Gregory J. Heym
Executive Vice President, Chief Economist

By Oshrat Carmiel and Ashwin Seshagiri
Home prices in New York’s Hamptons, the Long Island resort towns favored by summering Manhattanites, increased 4.2 percent in the second quarter from a year earlier as buyers opted for more expensive beach properties.
The median price of homes that sold in the quarter rose to $937,500 from $900,000 a year earlier, according to a report today by New York appraiser Miller Samuel Inc. and broker Prudential Douglas Elliman Real Estate. Thirty-nine percent of all sales completed in the Hamptons and Long Island’s North Fork were for houses priced at $1 million or more, the second-highest market share for such properties in three years.
“I’d look at the market as stabilized but punctuated with very visible trophy property sales,” Jonathan Miller, president of Miller Samuel, said in a telephone interview. “This is a phenomenon we saw in Long Island, Brooklyn, Queens, Manhattan and Westchester. Across the region, the top end of the market outperformed the overall market.”

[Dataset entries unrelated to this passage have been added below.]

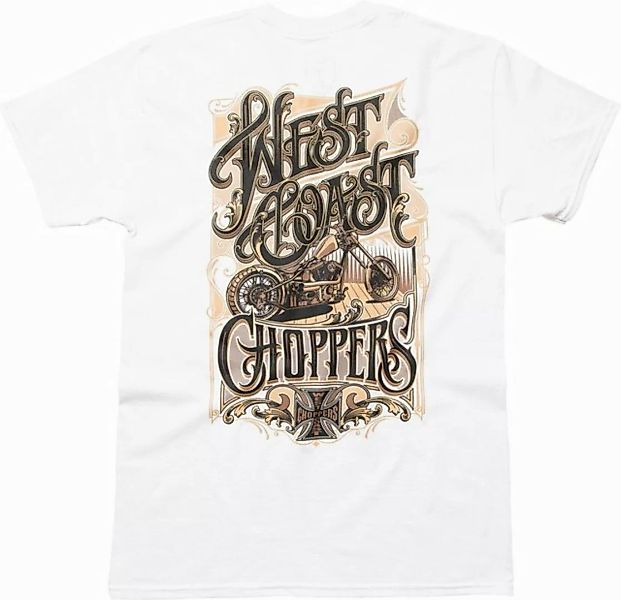 West Coast Choppers T-Shirt Lock-Up T-Shirt White günstig online kaufen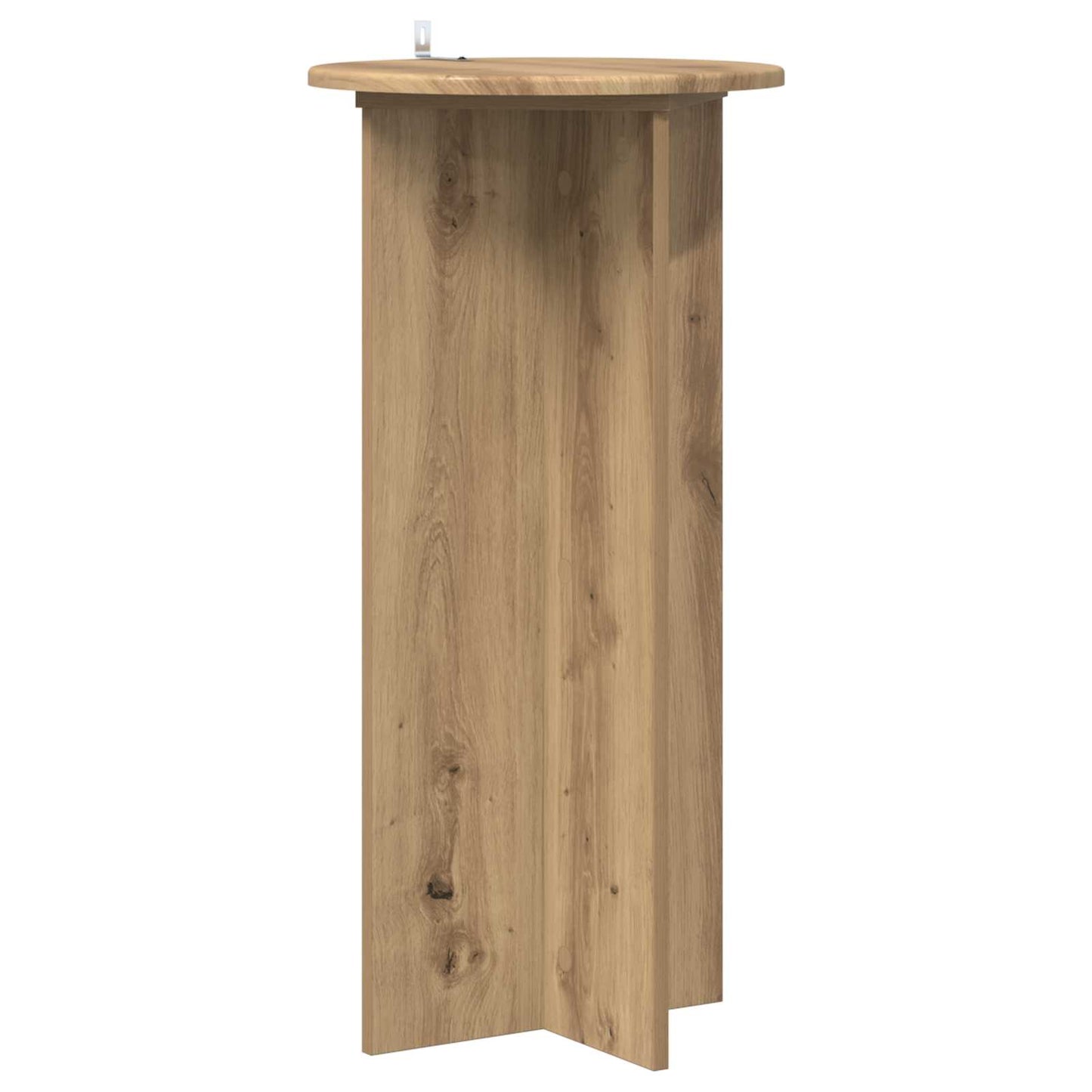 Plantenstandaard 2 pcs Artisanaal eiken 40 x 40 x 80 cm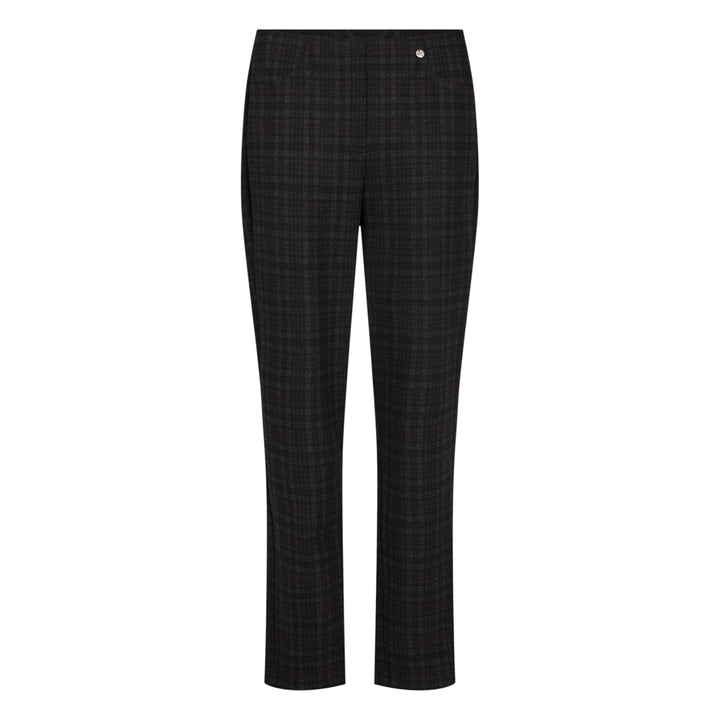 Robell Bella 78cm Trouser Grey Check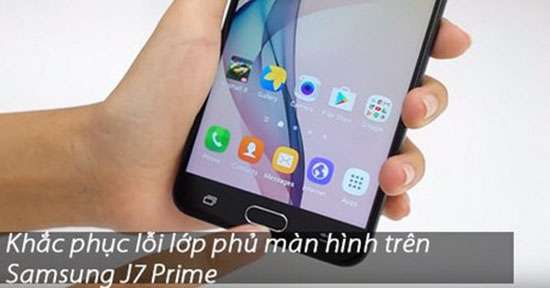 Tắt lớp phủ màn hình samsung j7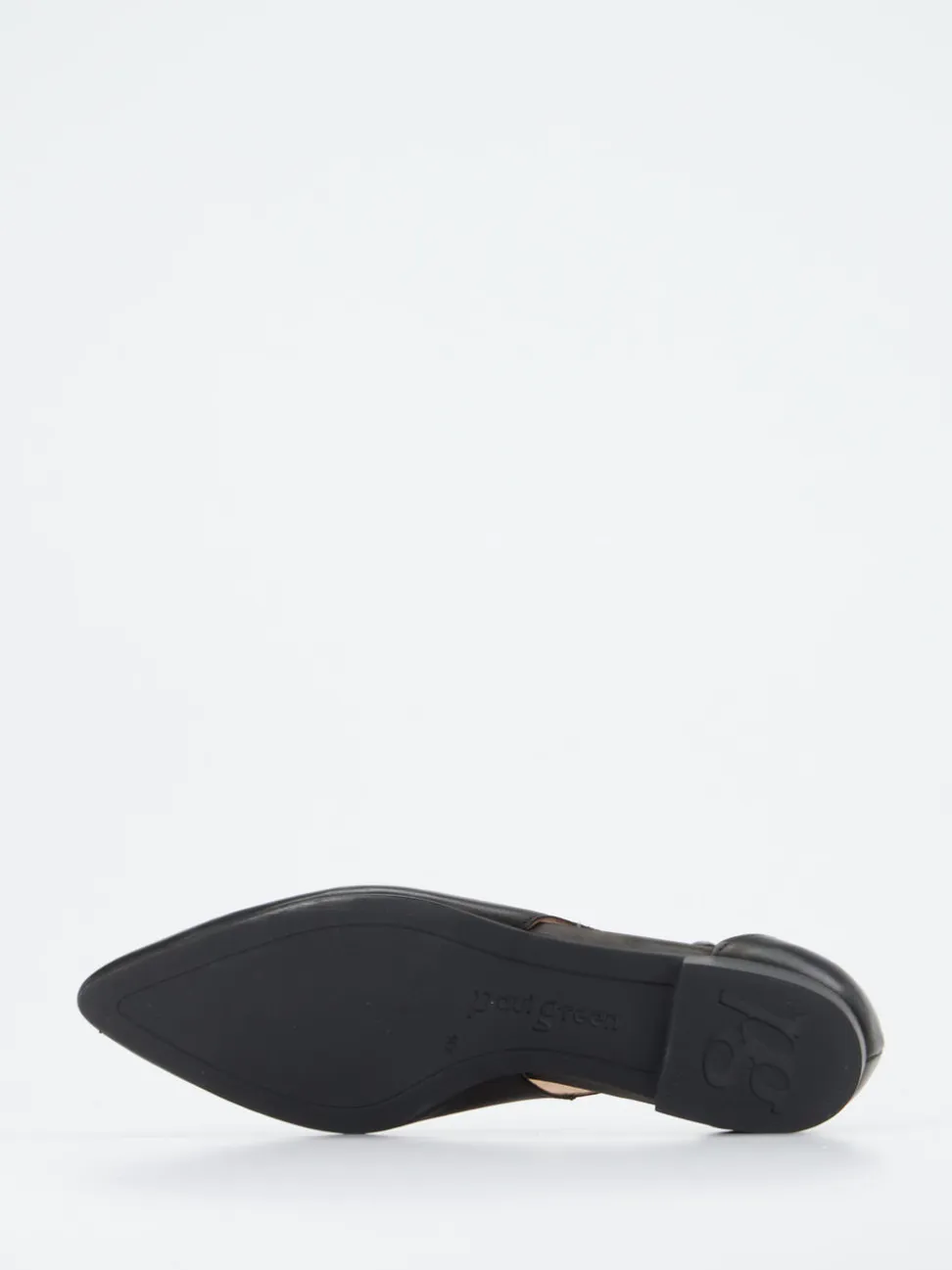 Paul Green – Slingback-Ballerinas aus Kalbleder Schwarz
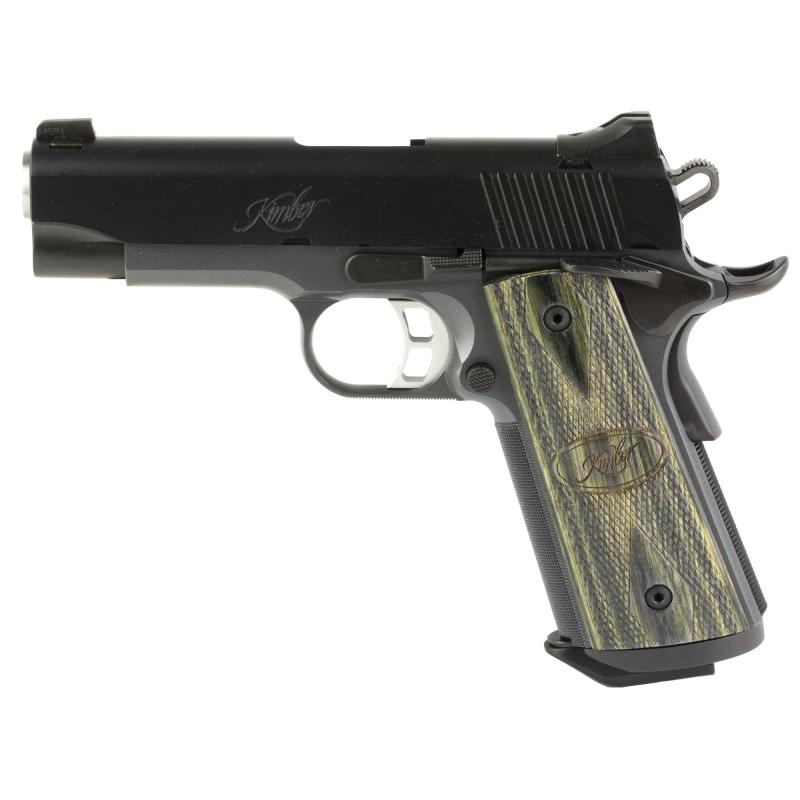 Tactical Pro II, 1911, Semi-automatic, Metal Frame Pistol, Commander Size, 45 ACP, 4" Barrel, Matte Finish, Gray Frame with Black Slide, Laminate Wood Grips, Tritium Night Sights, Manual Safety, 7 Rounds 3200143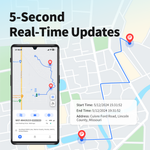 GPS Tracker for Vehicles, No Monthly Fee, No Subscription with Real-Time Tracking, 4G SIM and Data Included, Trip History, GeoFence, Speeding Alerts, Global Coverage, OBD, for Fleets & Families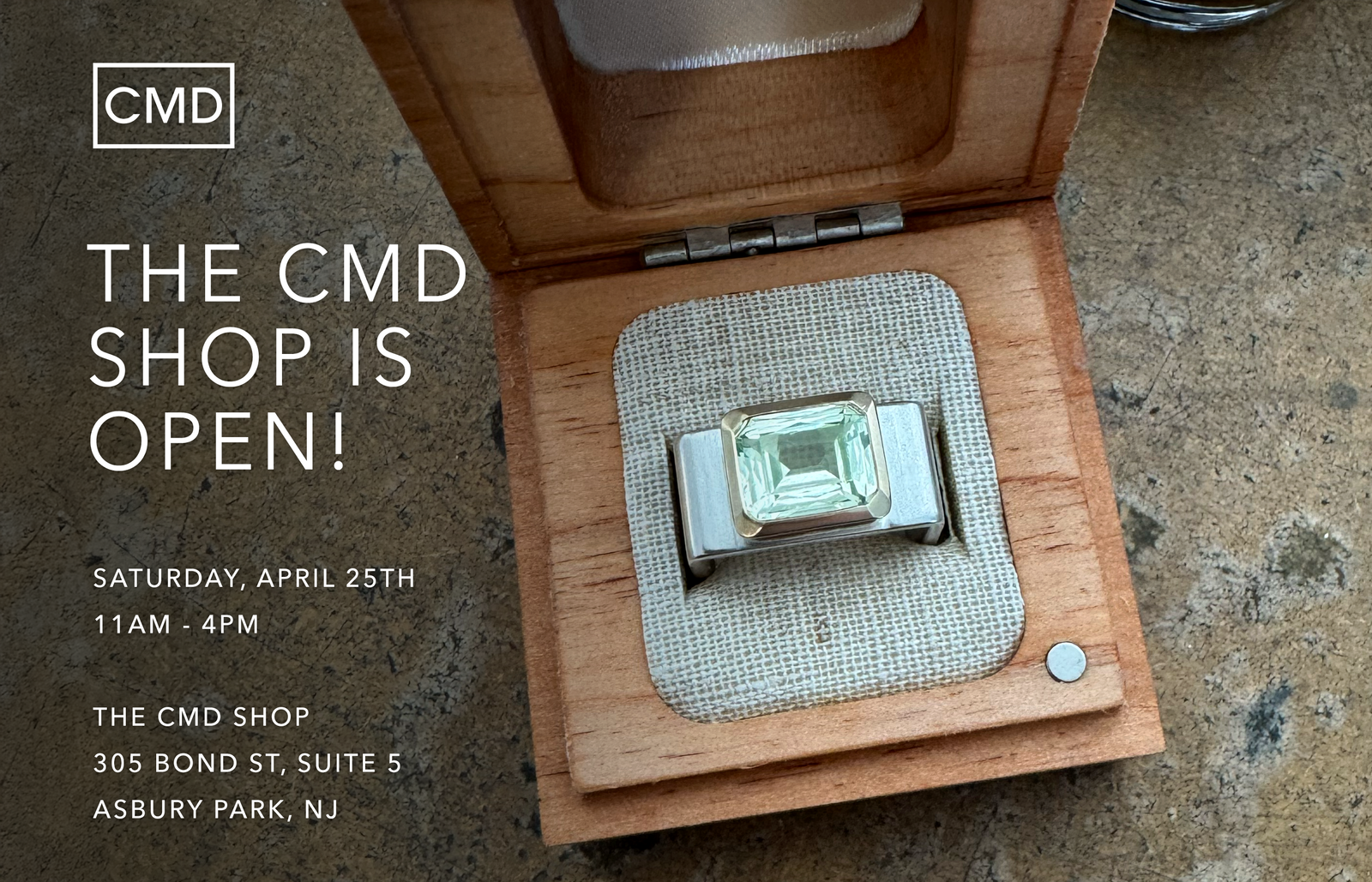 Sat. 4/25: The CMD Shop is Open!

Luxury homes are attracting buyers as Wall Street executives spend bonuses and employment improves, said Judi Desiderio, president of Town & Country Real Estate in the Hamptons. New York City’s financial industry showed a net gain of 10,400 jobs in the 12 months through May. The city’s overall jobless rate was 8.6 percent that month, unchanged from a 25- month low in April and down 1 percentage point from a year earlier, the state Department of Labor said on June 16.
Above $5 Million
Twenty-four homes in the Hamptons and North Fork, which constitute Long Island’s East End, sold for $5 million or more in the second quarter, compared with 22 a year ago, according to Miller. The median price for luxury properties, defined as the top 10 percent by price, climbed 7.9 percent to $4.4 million.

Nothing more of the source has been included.